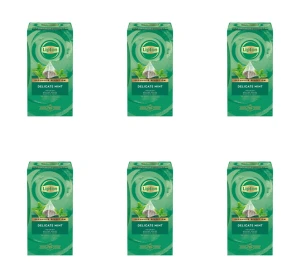 Lipton Piramida Delicate Mint 25 kopert (mięta pieprzowa) X6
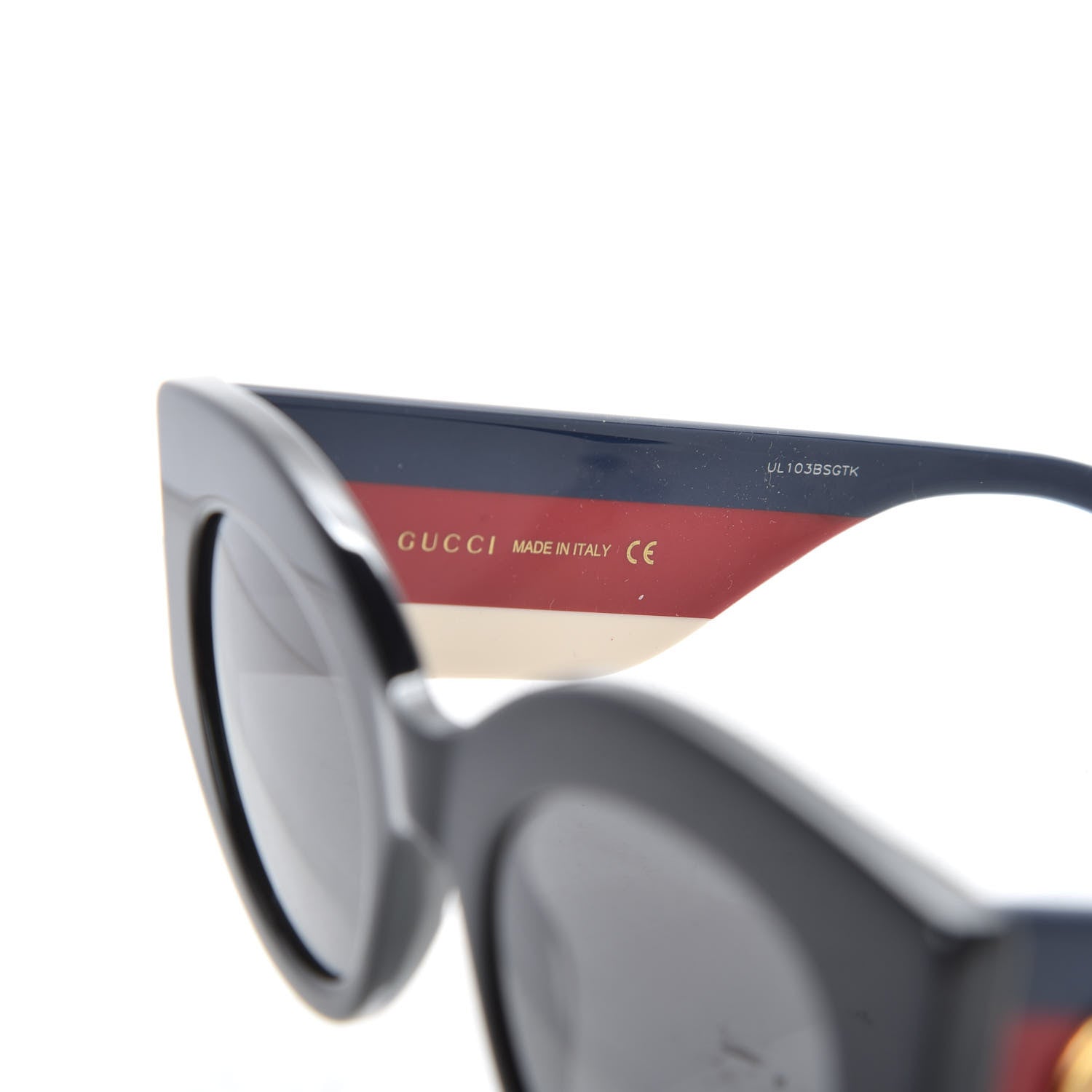 Gucci Acetate Oversized Rectangle Frame Web Sunglasses GG 0275/S Black 6 of 7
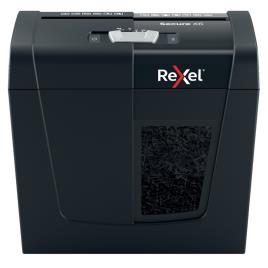 REXEL Destruidora de Corte Cruzado Secure X6, 6 Folhas, Cesto de 10 L, Destrói Papel, Agrafos e Clipes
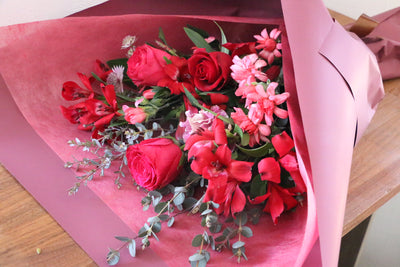 赤色の花束 7,000円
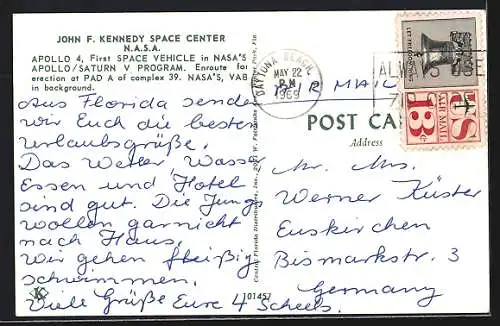 AK John F. Kennedy Space Center, Apollo 4, First Space Vehicle in NASA`s Apollo /Saturn V Program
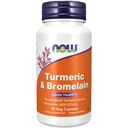 NOW Foodsは、Bromelain 2400 GDU/g、90 Vegのカプセルと、Turmeric&Bromelain(標準化されたターメリック抽出物)を補います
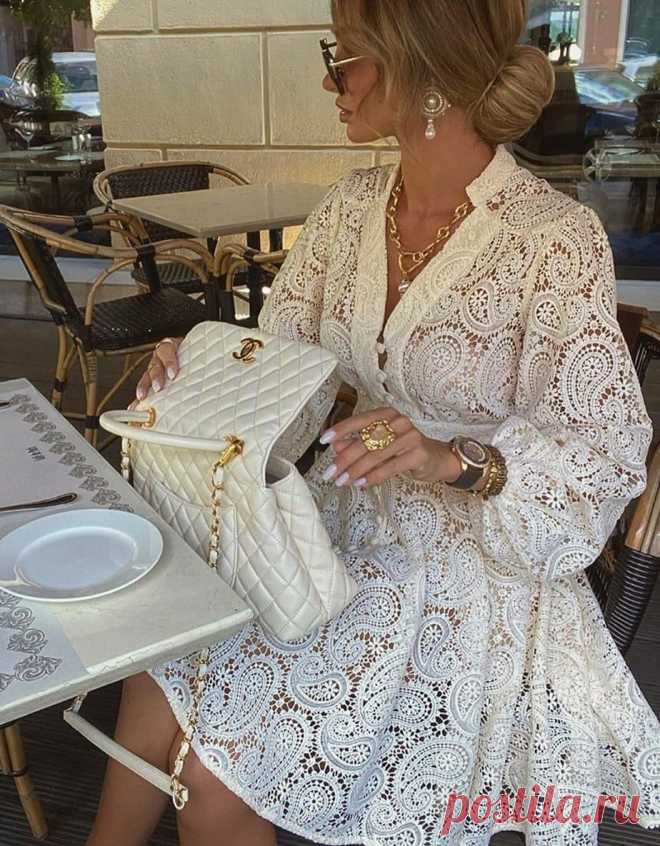 Платье - мечта! Идея! Подбор нескольких схем мотивов  ирландского кружева.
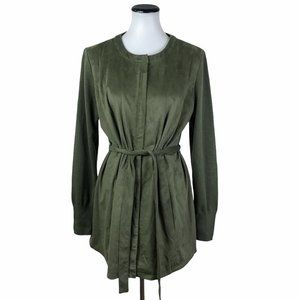 H By Halston Faux Suede Jacket 14 #175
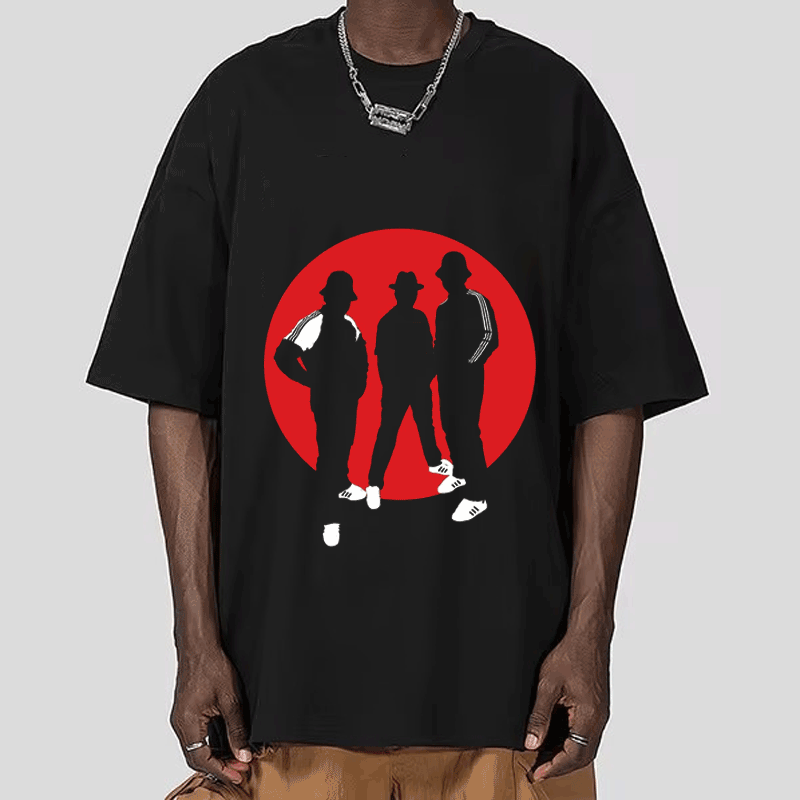 Hip-Hop Group Street Loose T-Shirt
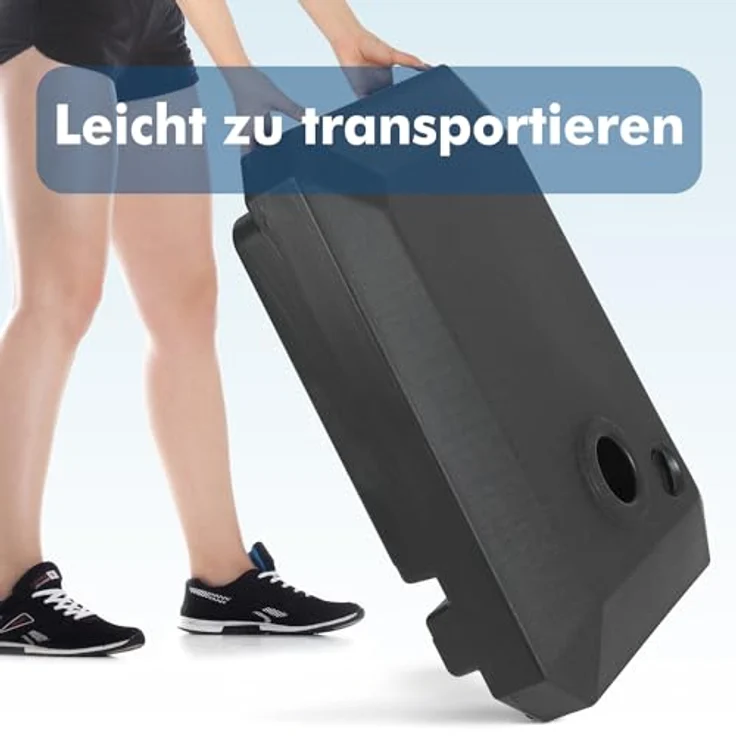 Sekey Kunststoffschirmständer Ampelschirmständer mit Rolle Sonnenschirmständer 70 bis 90KG Befüllbar, für Stöcke bis Ø 130 mm – Bild 6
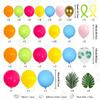 Tropical Hawaiian Theme Balloon Set Transparent Turtle Leaf Latex Balloon Birthday Party Decoration Supplies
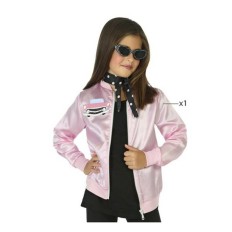 Costume per Bambini Grease Rosa (1 Pc) Taglia  7-9 Anni 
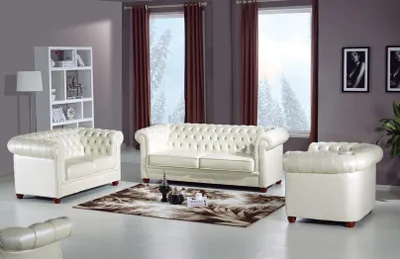 Produktbild von Edle Designer Polster Couch Luxus Chesterfield Sitz Garnituren Sofas Couchen 388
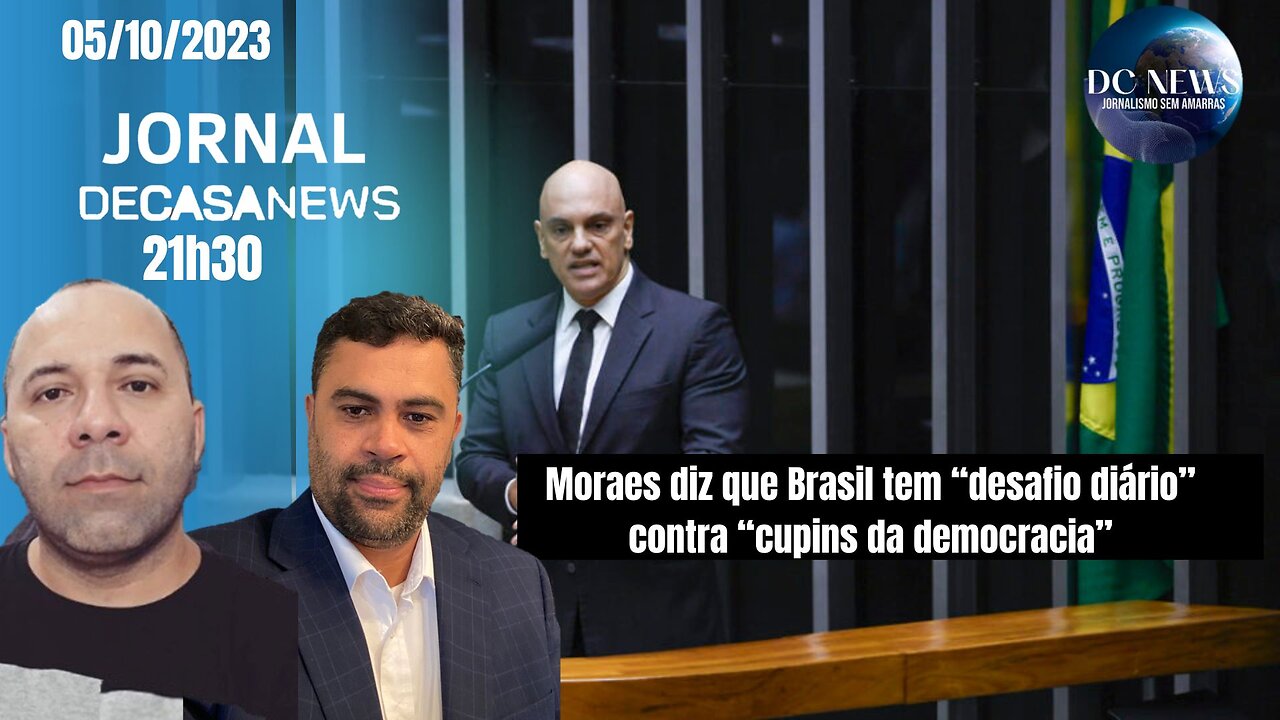 Moraes diz que Brasil tem “desafio diário” contra “cupins da democracia”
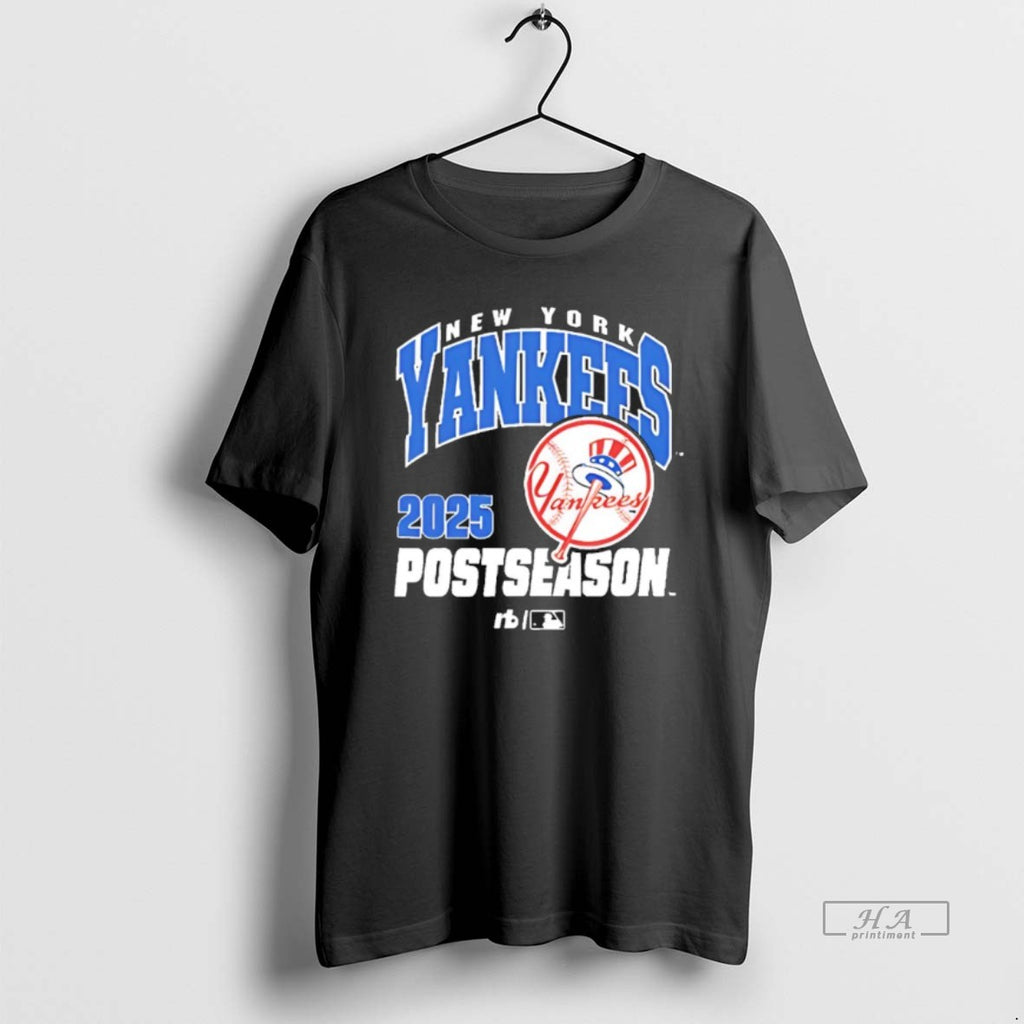 Official Trendy New York Yankees Baseball 2025 Mlb Postseason Graphic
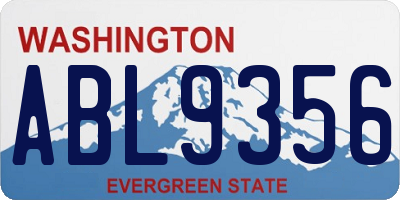 WA license plate ABL9356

---+---

Exercise goal |
Please write out, exactly, every line from the line with "Tropical Hawaiian Theme" through the final line of the data above, leaving out pictures.

Answer box |
 Tropical Hawaiian Theme Balloon Set Transparent Turtle Leaf Latex Balloon Birthday Party Decoration Supplies
 Costume per Bambini Grease Rosa (1 Pc) Taglia  7-9 Anni 
 Produktbild von Edle Designer Polster Couch Luxus Chesterfield Sitz Garnituren Sofas Couchen 388
 Moraes diz que Brasil tem “desafio diário” contra “cupins da democracia”
 Official Trendy New York Yankees Baseball 2025 Mlb Postseason Graphic
 WA license plate ABL9356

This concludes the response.